Brent crude futures for May rose to as high as $68 a barrel on Friday, a level not seen since Jan. 8, 2020. The contract was up $1.09, or 1.6%, to $67.83 a barrel at 0730 GMT, and was on track for a near 3% gain in the week.
U.S. West Texas Intermediate (WTI) crude futures climbed 93 cents, or 1.5%, to $64.76 per barrel after hitting a high of $64.94 earlier in the session.
Both contracts surged more than 4% on Thursday after the Organization of the Petroleum Exporting Countries and allies, together called OPEC+, extended oil output curbs into April, granting small exemptions to Russia and Kazakhstan.
“OPEC+ has kept output steady indicating that it wants to take a cautious approach in normalising production,” said Ravindra Rao, vice president, commodities at Kotak Securities.
“A steady rise in production can be absorbed with global demand improving and may not have much negative impact on price. Concerns will rise only if U.S. output rises in response to higher prices.”
Investors were surprised that Saudi Arabia had decided to maintain its voluntary cut of 1 million barrels per day through April even after oil prices rallied over the past two months.
“An array of factors coalesced to bring the parties together, but the resultant price increase will almost certainly push the parties to change their minds when they meet again on April 1, 2021,” commodity analysts at Citigroup said in a note.
The OPEC+ decision to continue with the output cuts would hurt consumers in oil buying nations, Indian oil minister Dharmendra Pradhan told Reuters on Friday.
“While OPEC+ clearly do see improving fundamentals for the oil market, they are still conscious of the fact that there is plenty of uncertainty around the demand outlook, and so do appear to be taking a more cautious approach,” said Warren Patterson, ING’s head of commodities strategy.

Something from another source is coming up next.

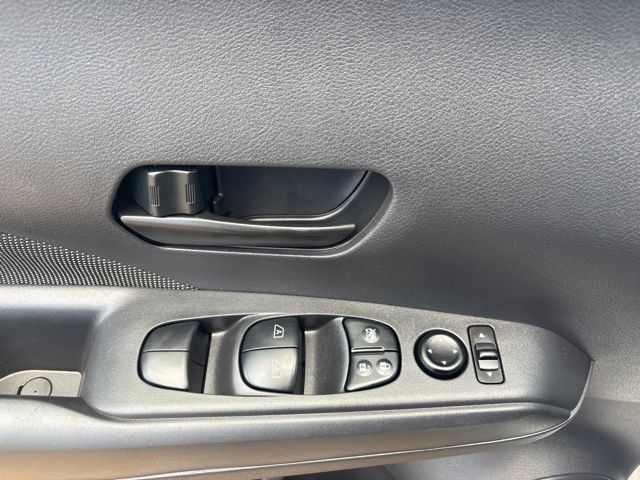 Used 2020 Nissan Kicks SUV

“There is also an element where OPEC+ do not believe that U.S. oil production will be able to respond to the higher price environment, at least not any time soon.”
Analysts are reviewing their price forecasts to reflect the continued supply restraint by OPEC+ as well as U.S. shale producers, who are holding back spending in order to boost returns to investors.
Goldman Sachs raised its Brent price forecast by $5 to $75 per barrel in the second quarter and $80 per barrel in the third quarter of this year, while UBS raised its forecast for Brent to $75 per barrel and for WTI to $72 per barrel in the second half of 2021.